An article in the NYT business section today by Saul Hansell, "Google Keeps Tweaking Its Search Engine", has intriguing details on Google's ranking algorithm from discussions with Googlers Amit Singhal and Udi Manber.

Some excerpts:
When it comes to the search engine — which has many thousands of interlocking equations — [Google] has to double-check the engineers' independent work with objective, quantitative rigor to ensure that new formulas don't do more harm than good.

Recently, a search for "French Revolution' returned too many sites about the recent French presidential election campaign -- in which candidates opined on various policy revolutions -- rather than the ouster of King Louis XVI. A search-engine tweak gave more weight to pages with phrases like "French Revolution" rather than pages that simply had both words.

Typing the phrase "teak patio Palo Alto" didn't return a local store called the Teak Patio .... Mr. Singhal's group [wrote] a new mathematical formula to handle queries for hometown shops.

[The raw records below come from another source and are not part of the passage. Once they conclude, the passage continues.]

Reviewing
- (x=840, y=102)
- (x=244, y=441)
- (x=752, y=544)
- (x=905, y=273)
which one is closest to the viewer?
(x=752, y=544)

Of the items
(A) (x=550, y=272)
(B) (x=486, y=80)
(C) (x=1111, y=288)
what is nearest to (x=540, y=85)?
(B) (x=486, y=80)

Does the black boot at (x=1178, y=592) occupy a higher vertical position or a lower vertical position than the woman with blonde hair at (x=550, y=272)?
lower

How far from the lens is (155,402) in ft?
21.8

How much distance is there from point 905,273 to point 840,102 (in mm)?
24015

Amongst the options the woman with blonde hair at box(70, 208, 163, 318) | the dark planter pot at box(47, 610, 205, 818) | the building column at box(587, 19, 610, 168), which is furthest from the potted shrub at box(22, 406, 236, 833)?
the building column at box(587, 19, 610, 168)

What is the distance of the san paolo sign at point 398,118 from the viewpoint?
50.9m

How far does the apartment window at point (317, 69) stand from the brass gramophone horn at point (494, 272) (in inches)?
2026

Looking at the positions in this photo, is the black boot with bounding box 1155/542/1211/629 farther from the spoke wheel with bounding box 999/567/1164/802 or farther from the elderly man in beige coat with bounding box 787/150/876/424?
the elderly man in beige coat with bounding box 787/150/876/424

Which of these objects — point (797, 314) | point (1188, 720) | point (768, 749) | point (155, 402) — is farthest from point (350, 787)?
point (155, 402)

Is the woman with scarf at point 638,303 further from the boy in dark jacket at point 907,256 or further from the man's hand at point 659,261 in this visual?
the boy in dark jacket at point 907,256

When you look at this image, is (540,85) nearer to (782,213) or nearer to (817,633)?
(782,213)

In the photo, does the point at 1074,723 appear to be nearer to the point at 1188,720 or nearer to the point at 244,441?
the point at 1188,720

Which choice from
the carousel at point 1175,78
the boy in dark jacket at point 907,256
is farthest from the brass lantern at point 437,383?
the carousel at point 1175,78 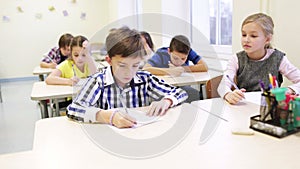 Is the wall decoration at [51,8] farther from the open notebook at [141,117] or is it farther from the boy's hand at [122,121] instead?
the boy's hand at [122,121]

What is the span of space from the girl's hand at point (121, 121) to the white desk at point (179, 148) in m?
0.03

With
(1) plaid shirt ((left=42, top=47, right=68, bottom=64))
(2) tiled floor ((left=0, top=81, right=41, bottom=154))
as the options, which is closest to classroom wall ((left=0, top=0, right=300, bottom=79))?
(2) tiled floor ((left=0, top=81, right=41, bottom=154))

Is it better to provide new information or to display pages that have stood the test of time and are more likely to be of higher quality? Until now, Google has preferred pages old enough to attract others to link to them ... [Singhal's] team's solution: a mathematical model that tries to determine when users want new information and when they don't. (And yes, like all Google initiatives, it had a name: QDF, for "query deserves freshness.")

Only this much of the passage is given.